**EXERCISE DETAILS**
The pictures are to be omitted when the entries are reproduced exactly.

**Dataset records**
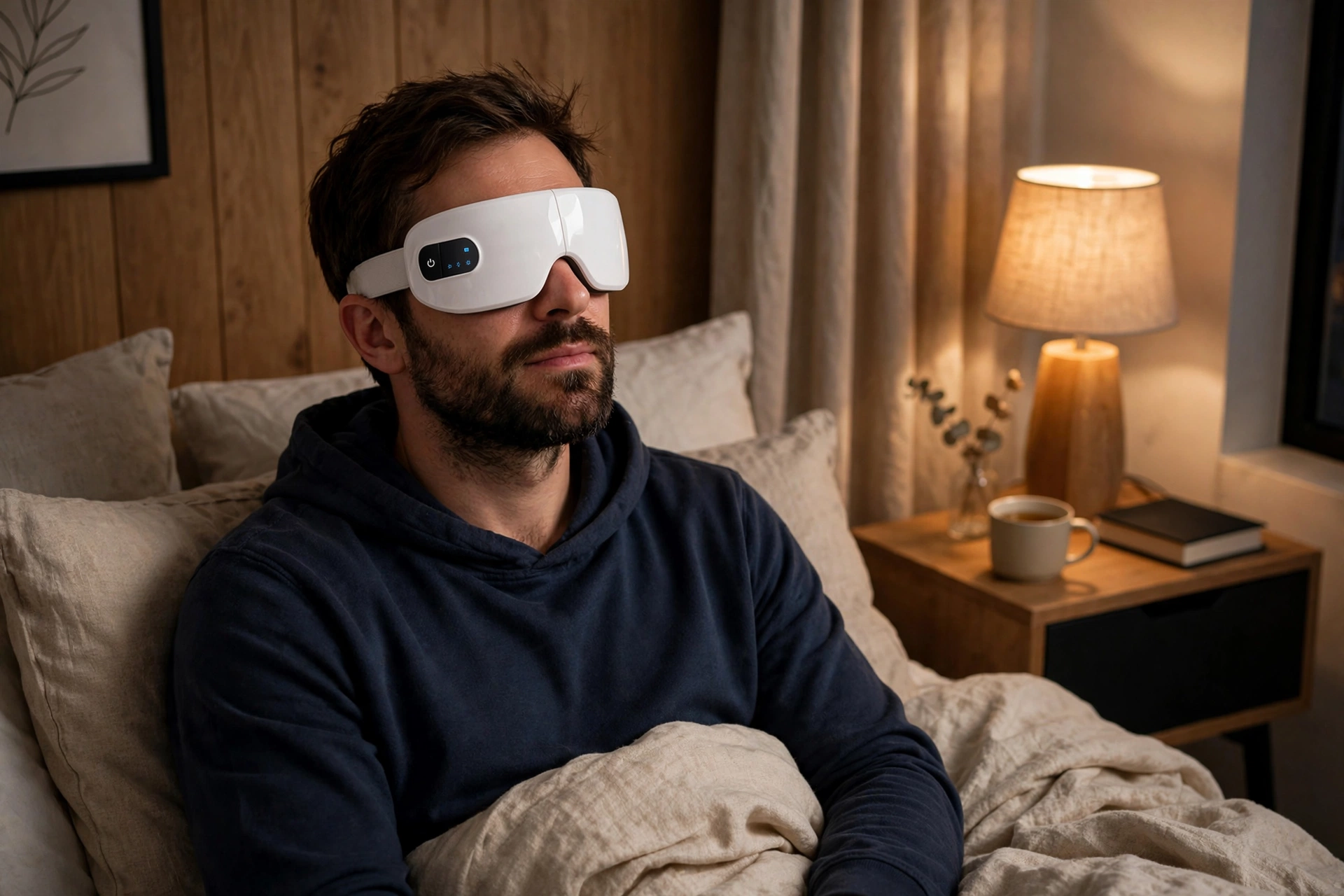 Masque de relaxation oculaire ELYS posé sur les yeux — confort et chaleur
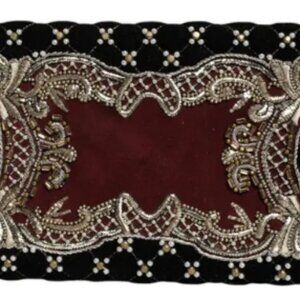 Dolce & Gabbana Frame Clutch Evening Purse Bag Bordeaux Black Velvet Gold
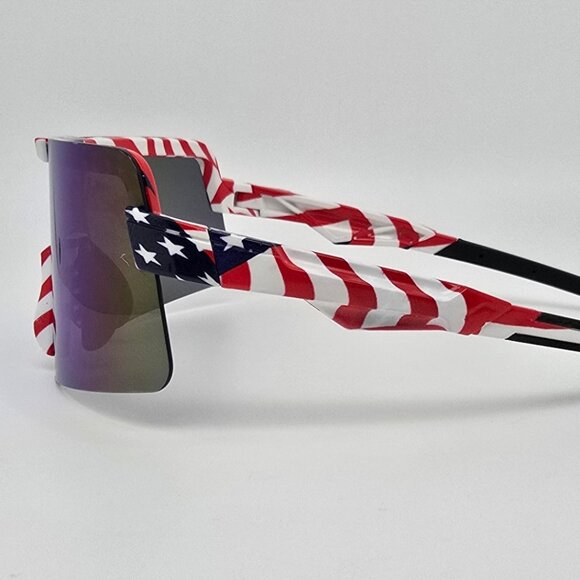 Omekol Flag Stars & Stripes Frame Polarized Blue Lens Sports Baseball Sunglasses - Picture 3 of 12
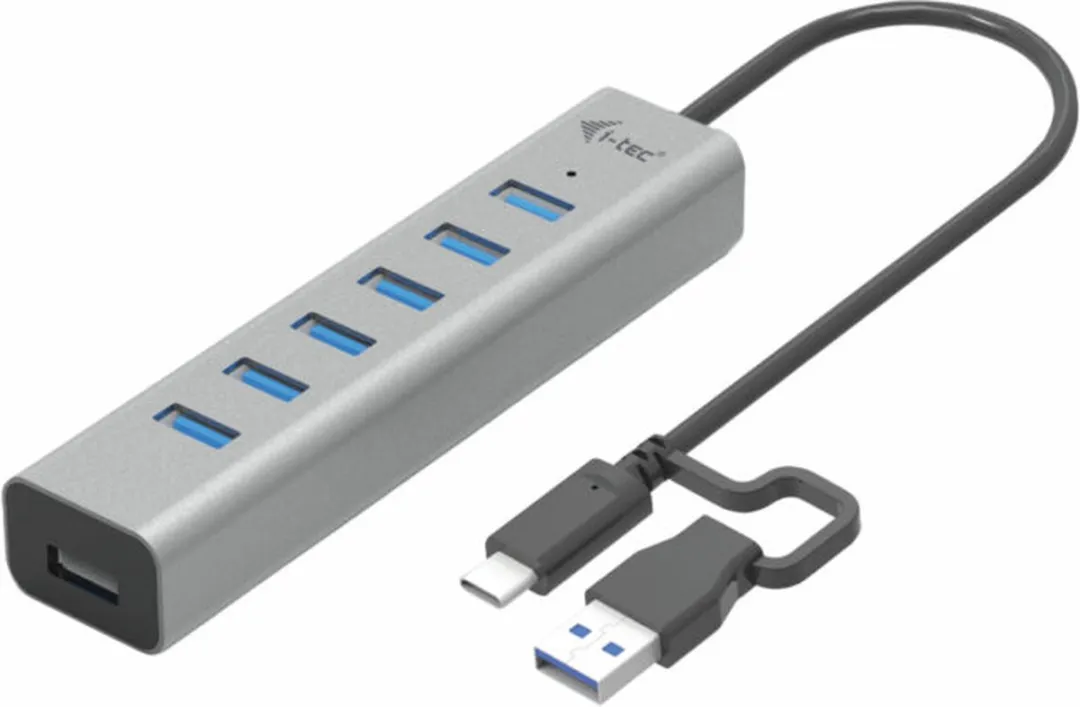 I-tec C31HUBMETAL703 USB Hub - 7 Poorten Grijs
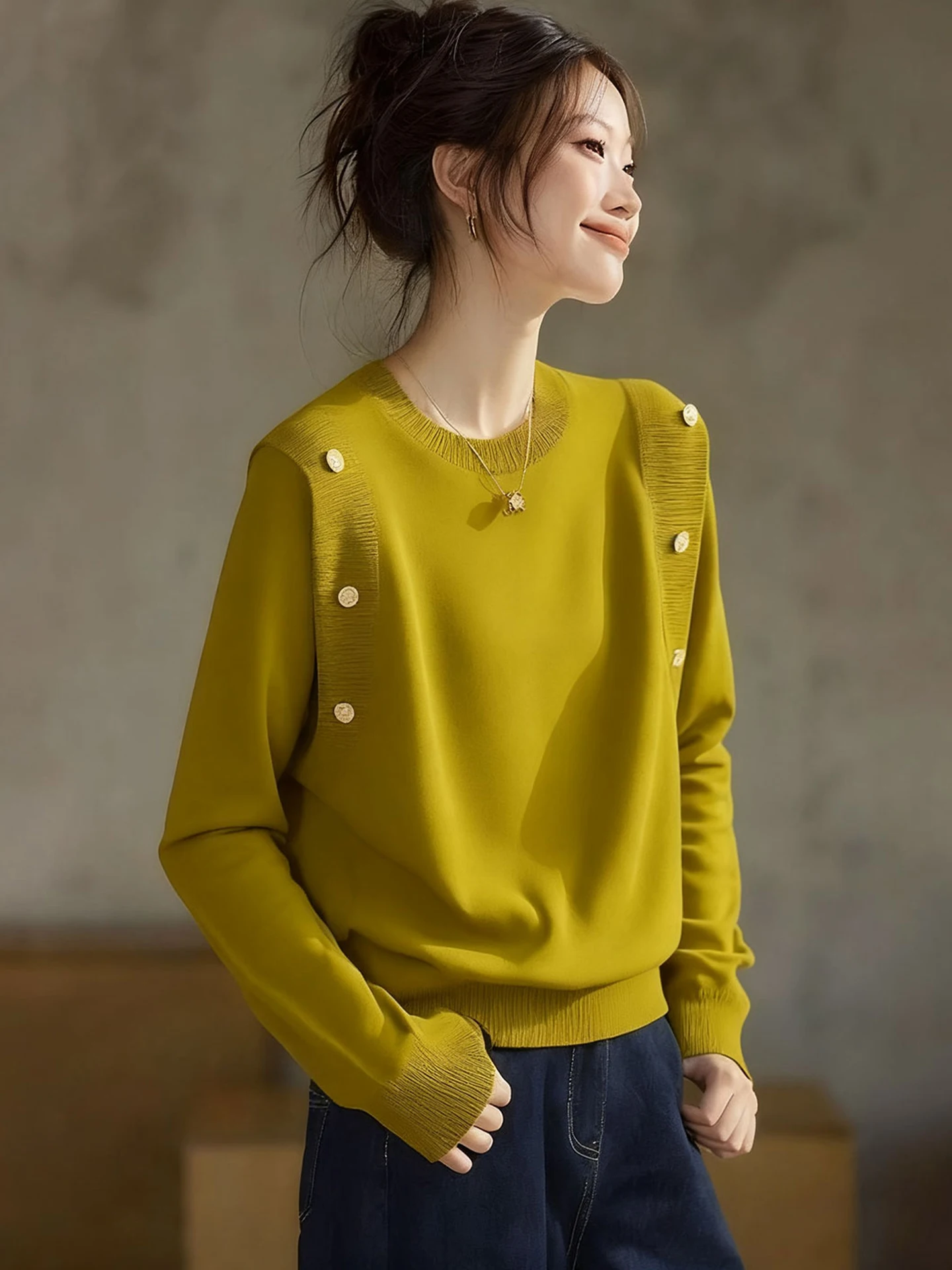 Lässiger gestrickter langer Sve-Pullover mit rundem Ne-Motiv, faionable Winter 2025, Damen-Oberbekleidung, lockere Passform, Farbe, Pendeln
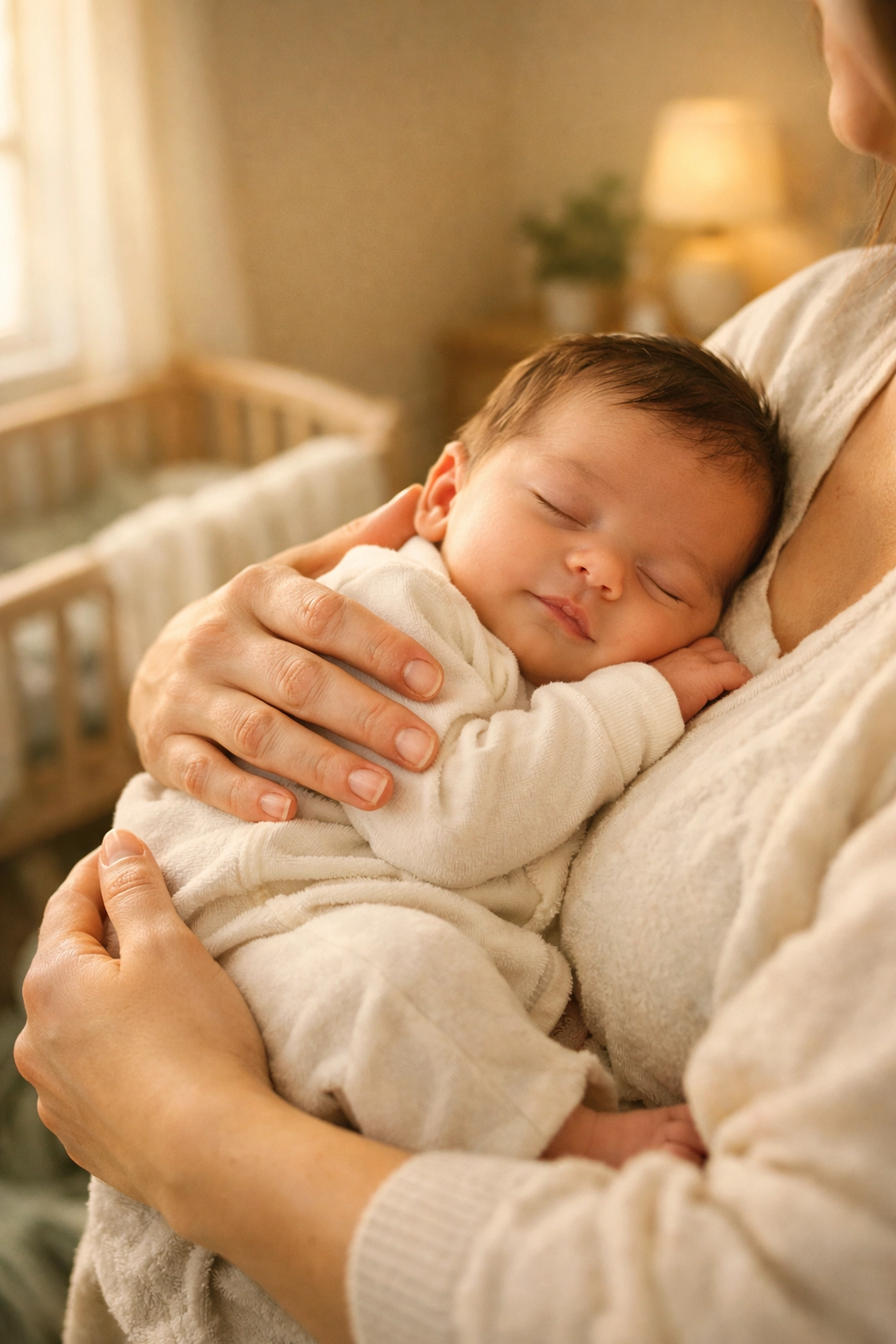 Mother gently cradling newborn using Thompson Method relaxed cradle hold for breastfeeding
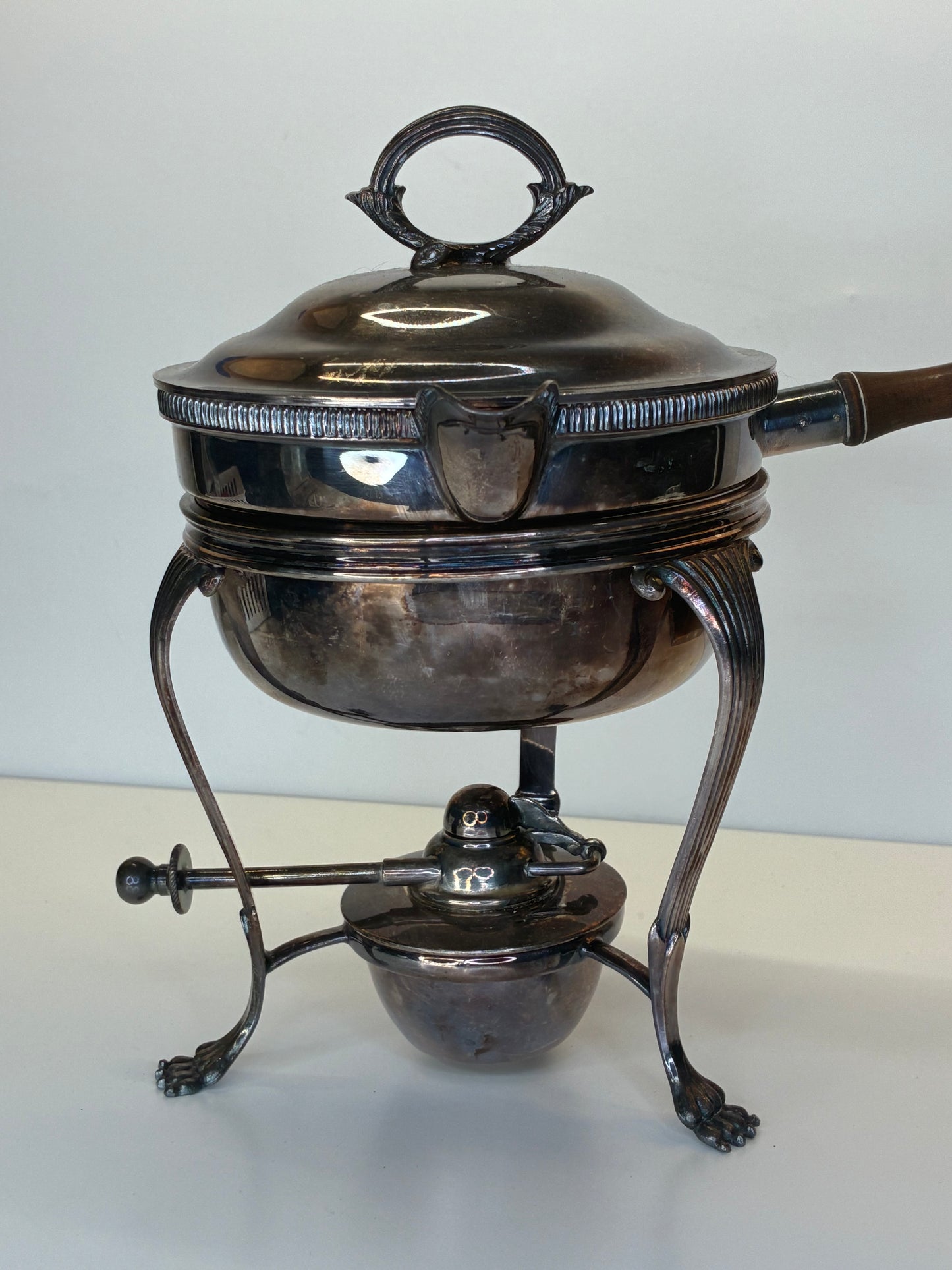 Antique 4 Piece Cavendish Chafing Dish Electroplated Nickle Silver EPNS Made in England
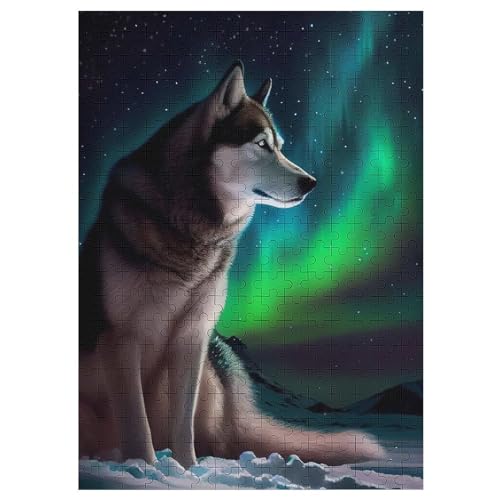 Wolf Puzzles 300 Teile Für Jugendliche Kreatives Holzpuzzlespielzeug Familienspiel Schwierigkeitsgrad Herausforderungspuzzles （42×30cm） von GGJJTT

**EXPECTED OUTPUT**
 Masque de relaxation oculaire ELYS posé sur les yeux — confort et chaleur
 Dolce & Gabbana Frame Clutch Evening Purse Bag Bordeaux Black Velvet Gold
 Omekol Flag Stars & Stripes Frame Polarized Blue Lens Sports Baseball Sunglasses - Picture 3 of 12
 I-tec C31HUBMETAL703 USB Hub - 7 Poorten Grijs
 Lässiger gestrickter langer Sve-Pullover mit rundem Ne-Motiv, faionable Winter 2025, Damen-Oberbekleidung, lockere Passform, Farbe, Pendeln
 Mother gently cradling newborn using Thompson Method relaxed cradle hold for breastfeeding
 Antique 4 Piece Cavendish Chafing Dish Electroplated Nickle Silver EPNS Made in England
 Wolf Puzzles 300 Teile Für Jugendliche Kreatives Holzpuzzlespielzeug Familienspiel Schwierigkeitsgrad Herausforderungspuzzles （42×30cm） von GGJJTT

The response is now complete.